---------- DATA IN THIS EXERCISE ----------
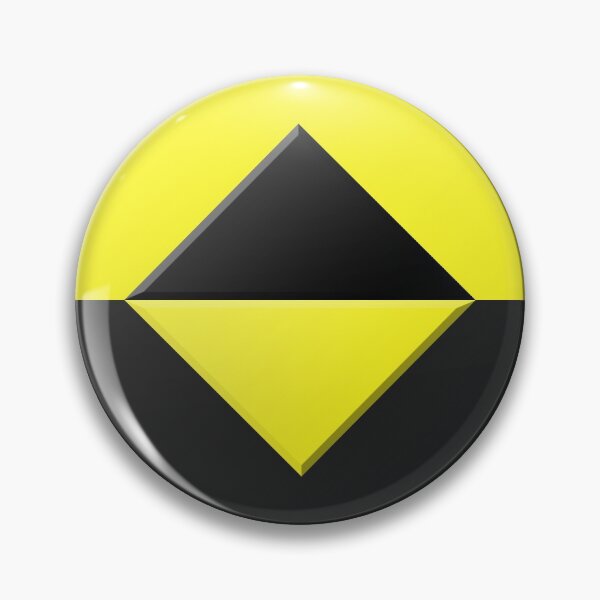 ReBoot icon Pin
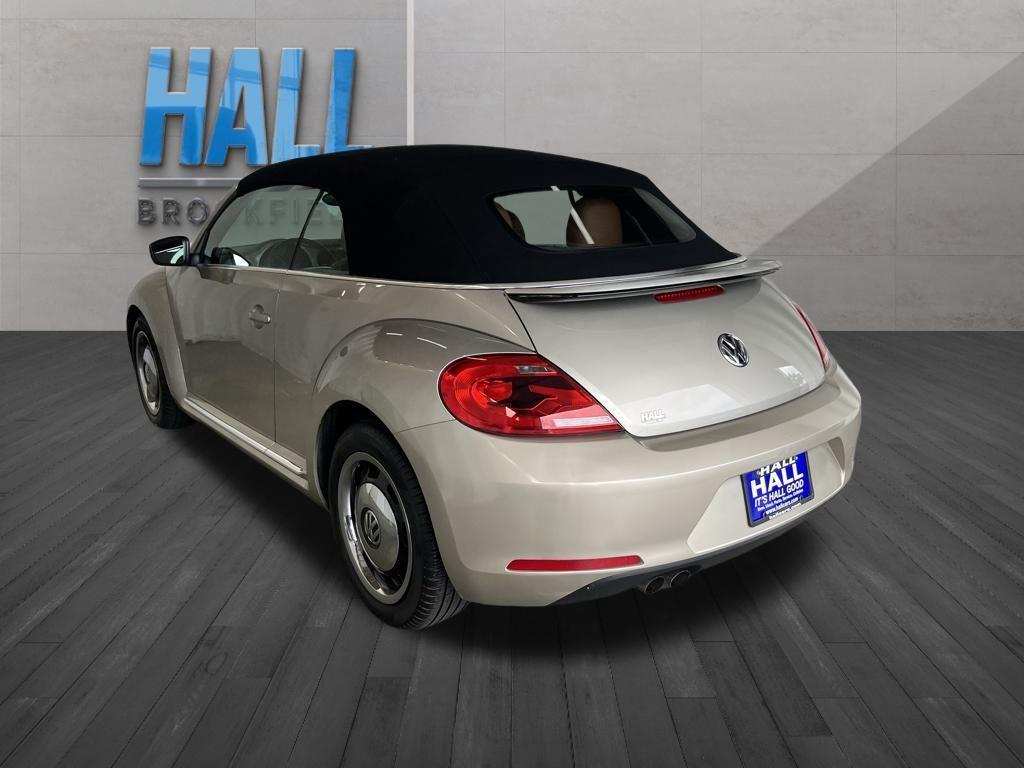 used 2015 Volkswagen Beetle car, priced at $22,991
----------
---------- DATA IN THIS EXERCISE ----------
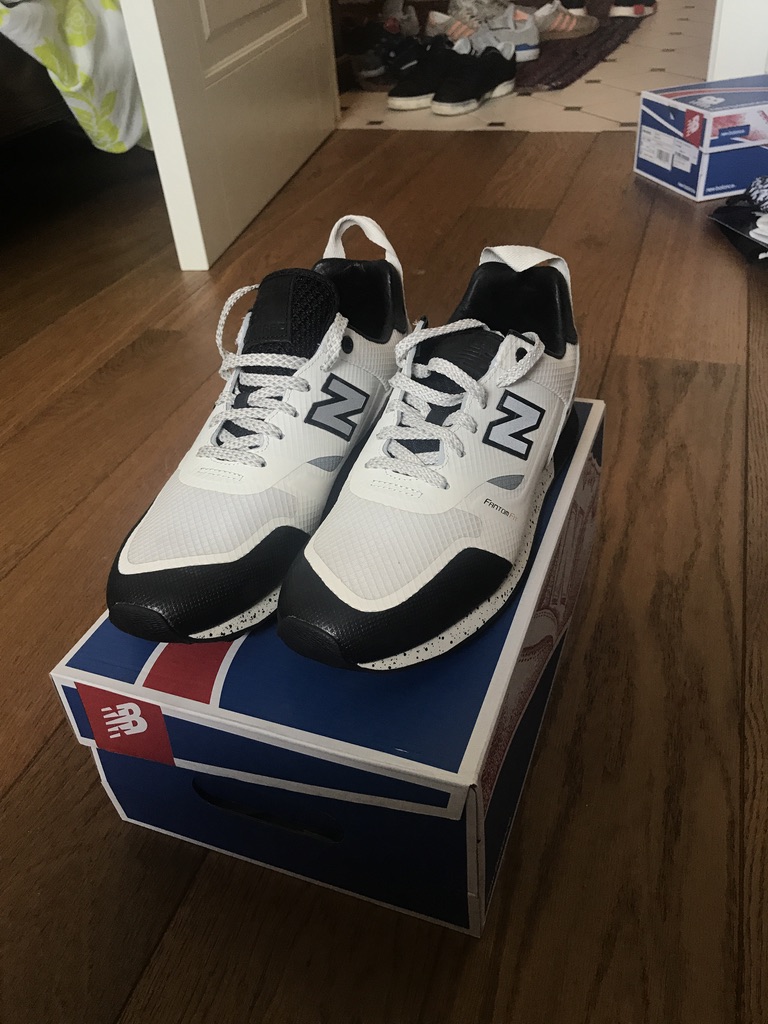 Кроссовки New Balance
----------
**WHAT NEEDS TO BE DONE:** Take the entries above and copy exactly the lines starting at the one with "ReBoot icon Pin" and ending at the one with "used 2015 Volkswagen"; nothing outside that span, and no pictures.

**ANSWER BOX:**
 ReBoot icon Pin
 used 2015 Volkswagen Beetle car, priced at $22,991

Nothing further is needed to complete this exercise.